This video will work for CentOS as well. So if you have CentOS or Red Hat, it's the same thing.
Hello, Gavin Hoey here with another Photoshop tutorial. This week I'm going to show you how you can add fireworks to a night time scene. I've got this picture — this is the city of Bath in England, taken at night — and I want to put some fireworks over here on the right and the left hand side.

§ §

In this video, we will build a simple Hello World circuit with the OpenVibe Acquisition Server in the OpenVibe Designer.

§ §

[TO DO]:
Your answer should be the lines above from the one containing "This video will" through the one containing "Hello, Gavin Hoey", copied exactly and with both ends kept.

[RESULT OF THIS TASK]:
This video will work for CentOS as well. So if you have CentOS or Red Hat, it's the same thing.
Hello, Gavin Hoey here with another Photoshop tutorial. This week I'm going to show you how you can add fireworks to a night time scene. I've got this picture — this is the city of Bath in England, taken at night — and I want to put some fireworks over here on the right and the left hand side.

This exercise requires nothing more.